Reputation: 1300
I have a problem trying to access pubsub message's attributes.
The error message is the following:
Coder of type class org.apache.beam.sdk.coders.SerializableCoder has a #structuralValue method which does not return true when the encoding of the elements is equal.
stackTrace: [org.apache.beam.sdk.io.gcp.pubsub.PubsubMessage.getAttribute(PubsubMessage.java:56),
transform1$3.processElement(transform1.java:37),
transform1$3$DoFnInvoker.invokeProcessElement(Unknown Source),
org.apache.beam.repackaged.direct_java.runners.core.SimpleDoFnRunner.invokeProcessElement(SimpleDoFnRunner.java:218),
org.apache.beam.repackaged.direct_java.runners.core.SimpleDoFnRunner.processElement(SimpleDoFnRunner.java:183),
org.apache.beam.repackaged.direct_java.runners.core.SimplePushbackSideInputDoFnRunner.processElementInReadyWindows(SimplePushbackSideInputDoFnRunner.java:78),
org.apache.beam.runners.direct.ParDoEvaluator.processElement(ParDoEvaluator.java:216),
org.apache.beam.runners.direct.DoFnLifecycleManagerRemovingTransformEvaluator.processElement(DoFnLifecycleManagerRemovingTransformEvaluator.java:54),
org.apache.beam.runners.direct.DirectTransformExecutor.processElements(DirectTransformExecutor.java:160), org.apache.beam.runners.direct.DirectTransformExecutor.run(DirectTransformExecutor.java:124),
java.util.concurrent.Executors$RunnableAdapter.call(Executors.java:511),
java.util.concurrent.FutureTask.run(FutureTask.java:266),
java.util.concurrent.ThreadPoolExecutor.runWorker(ThreadPoolExecutor.java:1149),
java.util.concurrent.ThreadPoolExecutor$Worker.run(ThreadPoolExecutor.java:624),
java.lang.Thread.run(Thread.java:748)]
I'm using the Dataflow Eclipse SDK to run the pipeline locally:
<dependency>
<groupId>org.apache.beam</groupId>
<artifactId>beam-runners-direct-java</artifactId>
<version>${beam.version}</version>
<scope>runtime</scope>
</dependency>
The line of code which produces the error is this:
String fieldId = c.element().getAttribute("evId");
The full code of the ptransform is the following:
public class transform1 extends DoFn<PubsubMessage, Event> {
public static TupleTag<ErrorHandler> failuresTag=new TupleTag<ErrorHandler>(){};
public static TupleTag<Event> validTag = new TupleTag<Event>(){};
public static PCollectionTuple process(PCollection<PubsubMessage> logStrings)
{
return logStrings.apply("Create PubSub objects", ParDo.of(new DoFn<PubsubMessage, Event>()
{
@ProcessElement
public void processElement(ProcessContext c)
{
try
{
Event event = new Event();
String fieldId = c.element().getAttribute("evId");
event.evId = "asa"; //this line is just to test to set a value
c.output(event);
<...>
I have seen a similar question but I'm not sure how I could fix it
The main pipeline code (if needed)
public static PipelineResult run(Options options) {
Pipeline pipeline = Pipeline.create(options);
/*
* Step 1: Read from PubSub
*/
PCollection<PubsubMessage> messages = null;
if (options.getUseSubscription()) {
messages = pipeline.apply("ReadPubSubSubscription", PubsubIO.readMessagesWithAttributes()
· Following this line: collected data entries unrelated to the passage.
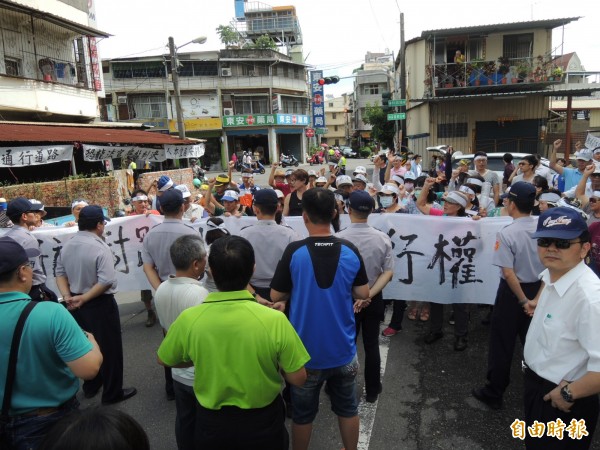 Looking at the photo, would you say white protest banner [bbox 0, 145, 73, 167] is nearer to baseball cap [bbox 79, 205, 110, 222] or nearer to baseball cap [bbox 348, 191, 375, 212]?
baseball cap [bbox 79, 205, 110, 222]

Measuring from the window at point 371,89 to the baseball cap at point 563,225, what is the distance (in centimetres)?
6606

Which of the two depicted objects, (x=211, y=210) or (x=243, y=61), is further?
(x=243, y=61)

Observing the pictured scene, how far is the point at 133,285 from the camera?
230 inches

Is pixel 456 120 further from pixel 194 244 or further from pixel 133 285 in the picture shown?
pixel 194 244

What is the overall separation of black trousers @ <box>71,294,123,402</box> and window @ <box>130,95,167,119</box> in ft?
124

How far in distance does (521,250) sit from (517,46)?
23.5 m

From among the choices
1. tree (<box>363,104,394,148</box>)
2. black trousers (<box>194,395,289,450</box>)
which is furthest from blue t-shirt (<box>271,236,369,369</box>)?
tree (<box>363,104,394,148</box>)

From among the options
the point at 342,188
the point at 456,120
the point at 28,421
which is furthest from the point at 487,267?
the point at 456,120

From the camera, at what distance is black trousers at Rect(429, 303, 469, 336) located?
187 inches

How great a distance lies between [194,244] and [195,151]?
18.1 metres

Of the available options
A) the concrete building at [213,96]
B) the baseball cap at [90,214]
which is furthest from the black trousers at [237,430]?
the concrete building at [213,96]

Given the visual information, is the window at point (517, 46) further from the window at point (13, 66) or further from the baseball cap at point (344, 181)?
the window at point (13, 66)

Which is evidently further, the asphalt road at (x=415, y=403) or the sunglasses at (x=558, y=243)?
the asphalt road at (x=415, y=403)

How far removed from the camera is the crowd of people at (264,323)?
2039mm
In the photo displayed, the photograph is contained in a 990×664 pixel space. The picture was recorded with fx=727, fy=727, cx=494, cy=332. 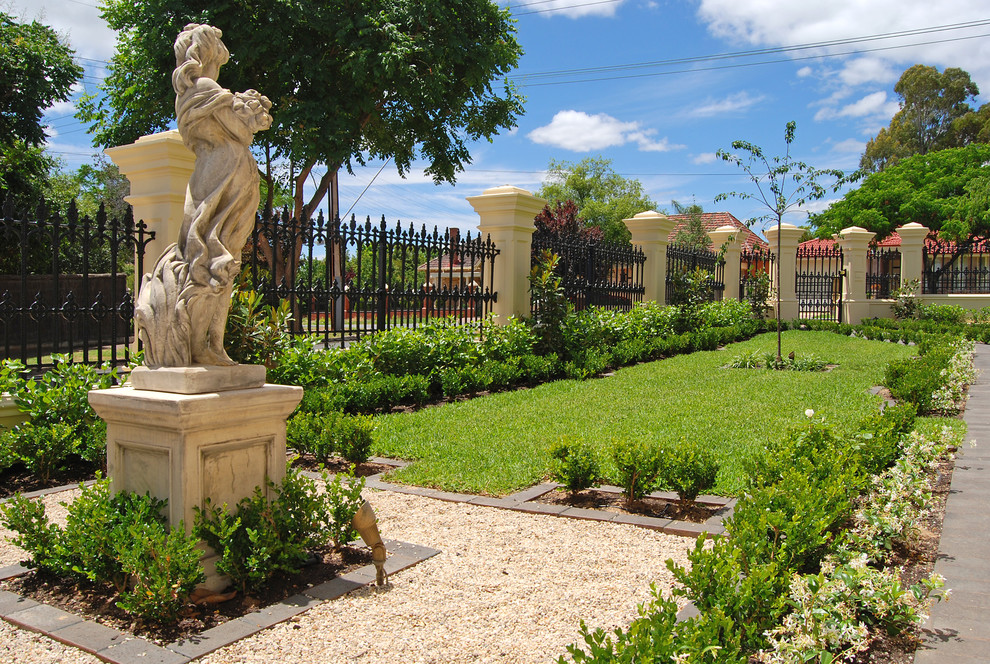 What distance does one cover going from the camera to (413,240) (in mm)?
10250

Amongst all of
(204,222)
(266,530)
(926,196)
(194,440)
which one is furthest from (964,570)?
(926,196)

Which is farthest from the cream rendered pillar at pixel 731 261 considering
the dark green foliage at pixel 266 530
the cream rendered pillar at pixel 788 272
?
the dark green foliage at pixel 266 530

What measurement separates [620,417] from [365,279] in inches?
Result: 154

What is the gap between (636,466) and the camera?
5098 millimetres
.fromSubscription(options.getInputSubscription()).withIdAttribute("messageId"));
} else {
messages = pipeline.apply("ReadPubSubTopic", PubsubIO.readMessagesWithAttributes()
.fromTopic(options.getInputTopic()).withIdAttribute("messageId"));
}
/*
* Step 2: Transform PubSubMessage to Event
*/
PCollectionTuple eventCollections = transform1.process(messages);
PubSub message:
{ "evId":"id", "payload":"payload" }
I also tried as:
"{ "evId":"id", "payload":"payload" }"
This is how I publish the message in pubsub to test the pipeline:
After making more test, the way I was publishing to pubsub it seems to be the source of the error, because If I added as attribute instead of message body the problem disappear.
Upvotes: 0
Views: 1525
Reputation: 1300
The reason was I was trying to access to an attribute here:
String fieldId = c.element().getAttribute("evId");
But when I was sending the message through the pubsub dashboard I didn't add any attribute and it cause all the pipeline crash.
Upvotes: 1